Na alegoria, foi possível ver as costelas da cobra, como grandes marfins, que traziam em seu interior os soldados daomeanos em esculturas de bronzes (típica arte do Benin). Ladeando estavam também os cavaleiros do reino iorubano, também imitando o bronze. Uma das esculturas do carro foi deixada na pista. A alegoria número quatro “Cortejos à Rainha do Brasil”, que representou a coroação de Kehindé segundo o imaginário de Luiz Gama apresentou problemas de acabamento, um pano sobrando sem estar encaixado no turbante pode ser considerado um problema e pode gerar despontuação. Nela, a dupla de carnavalesco representou esta coroação com Luíza ladeada por leões de Xangô, cortejada pelos enormes sombreiros de Maracatu e adornada de fitas da Congada.

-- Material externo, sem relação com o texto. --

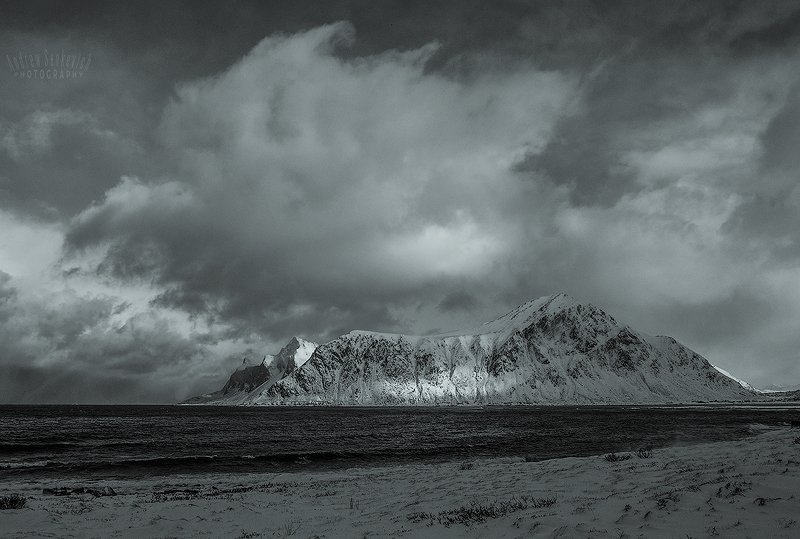 Лофотены в чб фото превью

O segundo carro “Salvador Pagã”, que representou a relação de Luísa com a religião na infância, era muito bonito, todo branco, com boas soluções estéticas, mas também com um acabamento na parte de trás não tão primoroso. O ponto alto do quesito foi o último carro “Em cada Porto, nosso Ninho” que representava o encerramento da história de “Um defeito de cor” com os barcos trazendo as mães que perderam seus filhos para a violência de uma sociedade que vê neles um defeito de cor, tal qual fizeram com Luiz e Kehinde. Muito de muita emoção e que tocou a Sapucaí. No geral, apesar de boas e criativas soluções estéticas, as alegorias não tiveram um acabamento tão primoroso em comparação com outras escolas.

Outros destaques

A fantasia dos ritmistas da Tabajara do Samba representava a riqueza maior, a liberdade, através do ouro de Oxum. O figurino em tons de ouro e preto é adornado com espelhos, referência ao Abebé carregado pela entidade. Mestre Nilo Sérgio veio de Luiz Gama e a rainha Bianca Monteiro de Oxum, que sempre acompanhou Luisa Mahim. A fantasia proposta para os/as passistas da Portela fez referência à rainha Agontimé e à sua realeza, através da representação da pantera preta. Na cabeça, havia uma coroa estilizada com uma máscara negra de pantera. O figurino adornado em ouro traz o misticismo e a beleza do ritual Nilce Fran, representou uma das mulheres mais importantes na vida de Kehinde, a Agontimé. Esta personagem é quem recria os laços de Luísa com sua ancestralidade através da espiritualidade.

As baianas da Portela trouxeram o abraço feminino de Dúrójaiyé em seu manto azul. O uso de estamparias africanas acolheu o branco da renda, misturando a representação das vestes de uma anciã, guardiã da ancestralidade de sua família. A presidente de honra da Portela, Tia Surica, veio a frente da escola no tripé “Raízes de Savalu” que falava da terra primordial onde começa a vida de Kehindé. A musa Wenny Isa veio com a fantasia “o sagrado secreto” simbolizando nome escolhido pela personagem principal do enredo, sua identidade ancestral. No esquenta, Gilsinho cantou “Portela na Avenida” de Clara Nunes.